Though Westerners have always been fascinated with Oriental art, the opening of political relations with China, plus spectacular Chinese archeological finds and an outpouring of books, is stimulating new popular interest. Chinese ceramics, jades, bronzes, snuff bottles, furniture, and paintings, as well as Japanese ceramics, lacquerwares, and prints, are bringing higher prices.

Perhaps nowhere in the art market is fashion more evident than in art nouveau , the turn-of-the-century styles using natural forms. Tiffany lamps fetch high prices. A doubled bed by Louis Majorelle brought $12,000. On the other hand, many lesser pieces of art nouveau failed to sell.

Photography, a new and rather rocky market for several years, is coming into its own. The auction houses are reporting record sales, and the percentage of unsold consignments is about half what it used to be. The most bullish sign in the popularity of Ansel Adams, because collectors commonly start buying his majestic landscapes.

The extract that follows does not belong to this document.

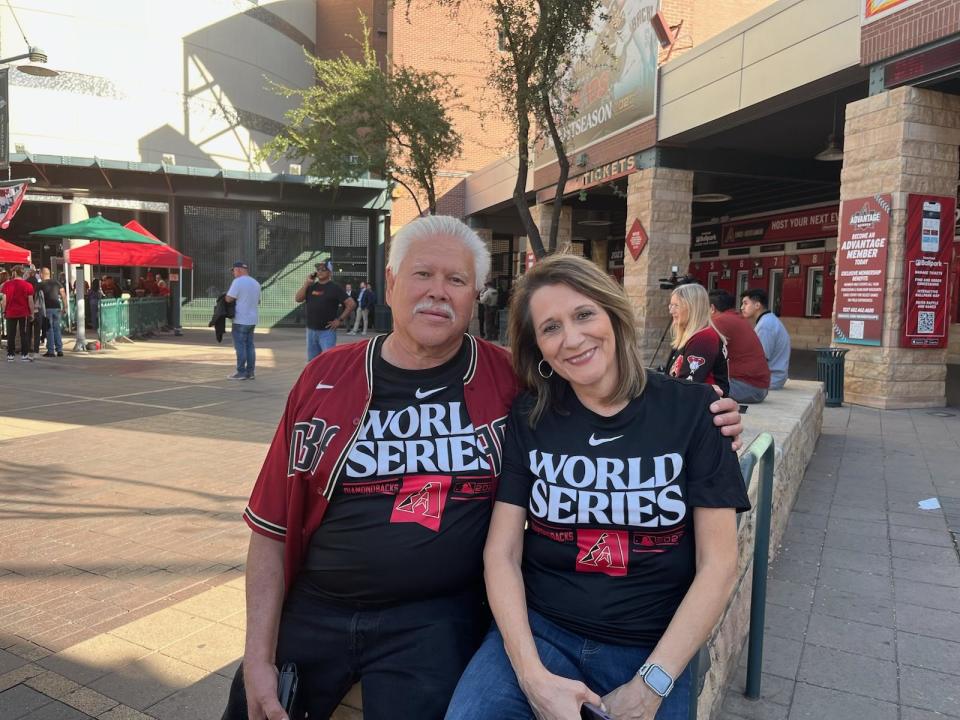 Terry and Tommy Pina attend Game 5 of the World Series between the Arizona Diamondbacks and Texas Rangers on Wednesday, Nov. 1, 2023 at Chase Field in Phoenix.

Surging Adams prices suggest more collectors are entering the market. A dozen of his images fetch over $5,000, and his celebrated "Moonrise," in a large size, hit $22,000.

At the same time, there's growing sophistication evidenced in high prices paid for fine 19th-century work by little-known photographers.Second-rate work by first-rate photographers brings second-rate prices.

Vintage posters are catching on in a big way. These fragile creations, seldom intended to last more than a few weeks, were used to advertise shows, restaurants, circuses, dances -- you name it. They began to appear toward to end of the 19th century. A handful of dealers promoted them during the 1970s, but they didn't really become popular until a series of auctions last fall.

Phillips auction house held the first and set the record for a single poster -- $16,000 for "La Dame aux Camelias," by Alphonse Mucha. Toulouse-Lautrec, perhaps the most highly regarded maker of vintage posters, brought high prices. His "Salon de Cent" fetched $15,000.

Last year, the Islamic revolution made it difficult for Iranian rug collectors to get their funds out of Iran, and prices declined for Iranian-taste rugs. These included large, ornate pieces, sometimes made from silk instead of wool, from Kashan, Tabriz, and Heriz. The low point occurred last June, when more than 50-percent of rugs offered at some auctions failed to sell.

By December, however, Iranian collectors were bidding again. John Edelmann, New York, the only US auctioneer specializing in rare rugs, tapestries, and textiles, sold a Sarouk Fereghan hunt carpet for $25,000.

Caucasians -- nomadic weaving noted for small sizes, geometric patterns, and bold colors -- continued appreciating 15 to 20 percent last year. Iranians aren't much interested in them, so they are mainly collected by West Germans and Americans. Since they're in a lower price range than Persian rugs, they're an attractive area for new collectors. The most popular, Kazaks, Karabaghs, Daghestans, Shirvans, and Kubas, range from under $1,000 to $20,000, with a few outstanding pieces going above that.

A recession might be on the way, but it hasn't shown up in the art market yet.